Any photos not otherwise credited are from the personal collection of Frank Passic, Albion Historian.
Morning Star, May 7, 2006, pg. 18
We continue with our theme of “Albion--100 Years Ago.” Week ending May 3, 1906. “Two saloons are closed this week because of failure to put up bonds. William Boldt and Frank Steinkraus’ saloons are the quiet ones. It is reported however that these will soon be opened. An Eaton Rapids man is planning to open the Boldt saloon.”
“Warrant out for Pastor. Wife says he abandoned her after becoming smitten on young woman converted by his preaching. Justice Stein has issued a warrant for the arrest of the Rev. Frank J. Holton, a Methodist minister, on the charge of wife abandonment. At his wife’s request, detectives will go to Alliance, Ohio to serve the warrant. Mrs. Holton was Miss Maud Earle, an Albion girl. Her mother lives at 611 Burr Oak St.”

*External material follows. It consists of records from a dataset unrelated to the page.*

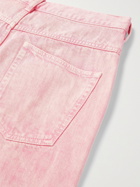ISABEL MARANT - Jackomosr Washed-Denim Jeans - Pink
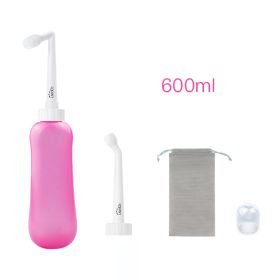 Portable Private Parts Female Washer Irrigator After Stool (Option: 600ml Pink PP2)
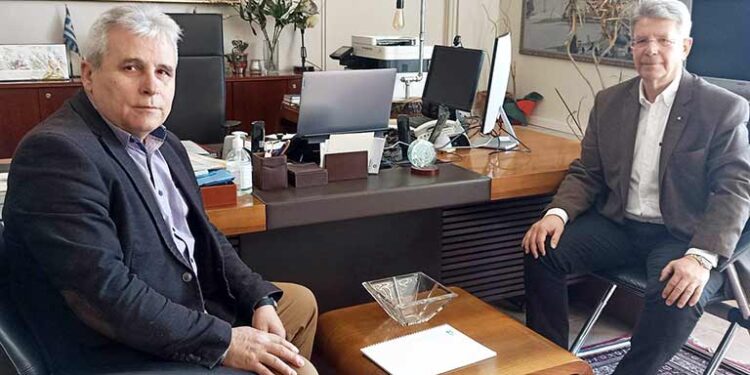 Συνάντηση του υποψήφιου Βουλευτή ΣΥΡΙΖΑ Στέφανου Μπίρου με τον Αντιπεριφερειάρχη κ. Σωτήρη Βόσδου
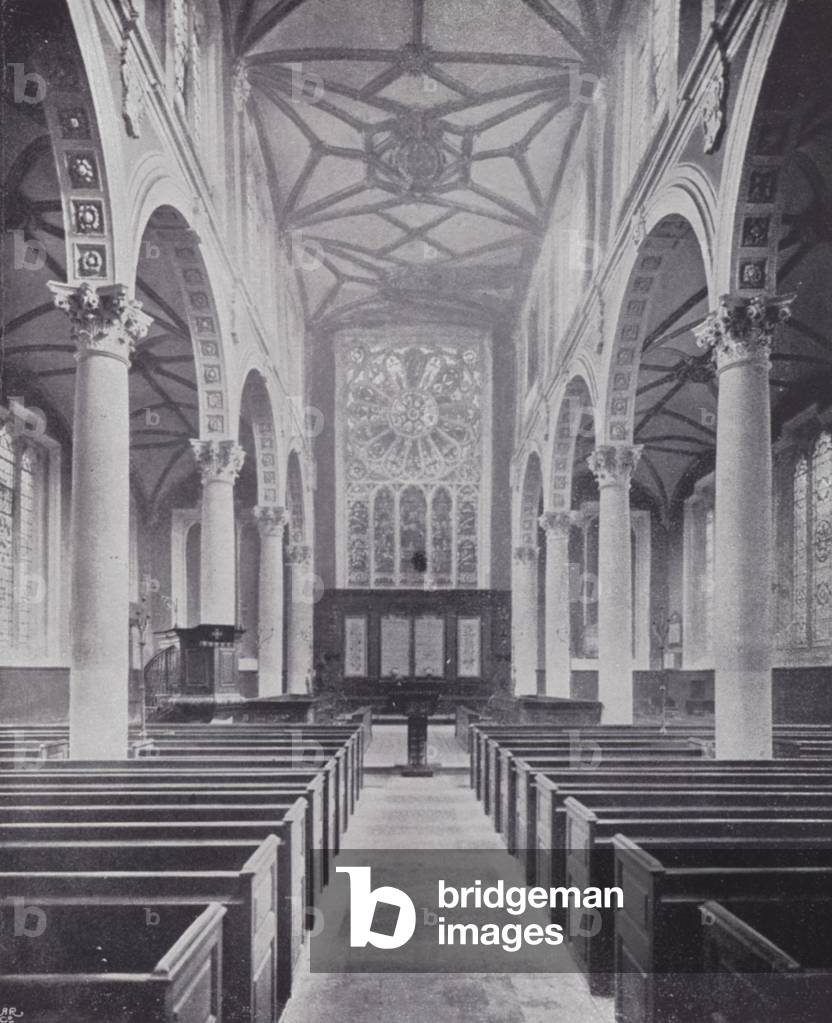 London City Churches: St Katherine Cree (b/w photo)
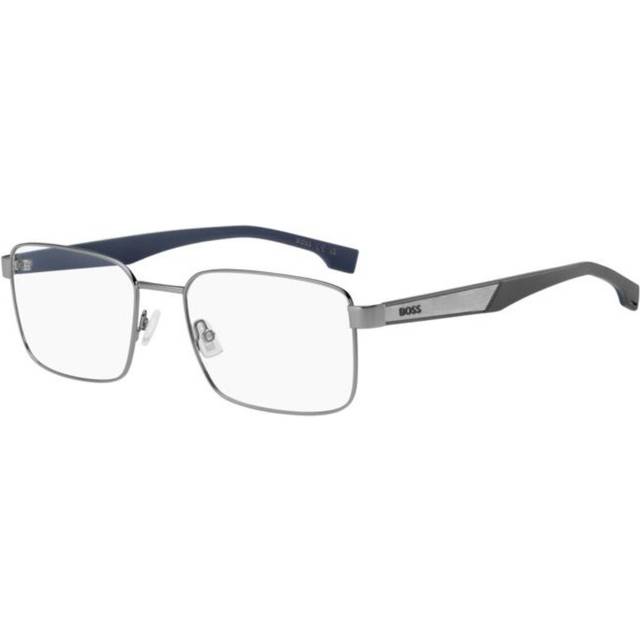 BOSS 1769 6LB Men's Eyeglasses Silver Size 56 (Frame Only) - Blue Light Block Available - Ruthenium Silver (56)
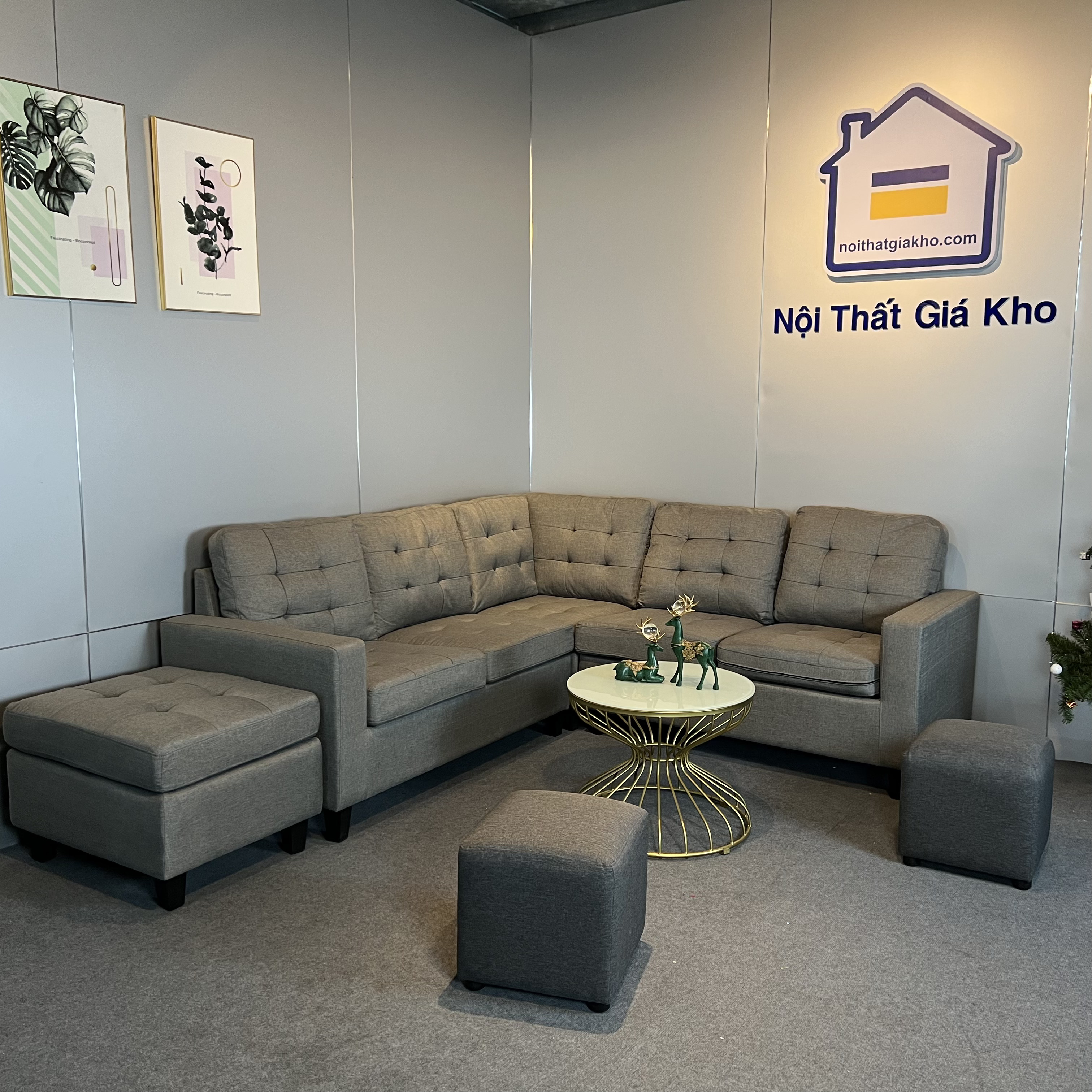 Ghế sofa phòng khách chữ L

“Albion Will Send Aid. Citizens of Albion will respond to the call which comes from San Francisco. At a mass meeting in the WCTU auditorium Thursday evening, a committee was appointed to solicit funds to send to San Francisco [NOTE: San Francisco earthquake]. We suggest that a car load of Albion flour be started west. Union City has just collected $500 for San Francisco. Albion should send $1,000.”
“Lohrke Brothers were the lowest bidders for construction of cement walks and were given the contract at the council meeting Tuesday evening.” “George Pritchard, a Leroy Township farmer, was convicted by a jury Friday night after three days’ sensational trial, for starving his cattle to death. He was fined $100. It was the worst case of cruelty to animals ever reported in this county.”
“One of Uncle Sams’ mail boxes was broken last Friday night, corner of Center and Albion streets, by small boys and a large stone. The Marshal has been after several who were implicated. This is a serious offense and the small boy must be taught to respect the property of his Uncle Samuel.”
Week ending May 10, 1906: “The Commonwealth Power Company is installing a new transformer of a larger capacity, at their Albion plant. The transformer came from Kalamazoo.”
Week ending May 17, 1906: “In circuit court Thursday, Frank Wochholz of this city, who was arrested on complaint of Dr. Dickie of the College, because he kept his saloon open April 17 ten minutes past 10, and who pleaded guilty Monday, was sentenced by Judge North to pay a find of $15 and $10 cost or 30 days in the county jail. He paid.”
Week ending May 24, 1906: “Benjamin Baxter Bissell, who has been associated with nearly every newspaper in Calhoun County during the past 40 years, died at the Soldiers’ Home in Grand Rapids, Thursday, May 17, and was laid to rest in Oakridge Cemetery in Marshall. Mr. Bissell was connected with the Albion Recorder in its early days and later published the paper for several years. Later he established the Albion Republican. When the free delivery mail service was instituted at Albion, he was appointed letter carrier, which position he held for about 8 years until he was obliged to resign on account of his age. Mr. Bissell had devoted his life to the profession of journalism.
“Health in Albion. Homer C. Blair believes that the problem of long life is solved by proper care of the digestive organs. Let the stomach get out of condition and soon there will be nervousness, irritation, furred tongue, specks before the eyes, weakness, debility, indigestion, and other physical and mental troubles that directly result from a weakened stomach.”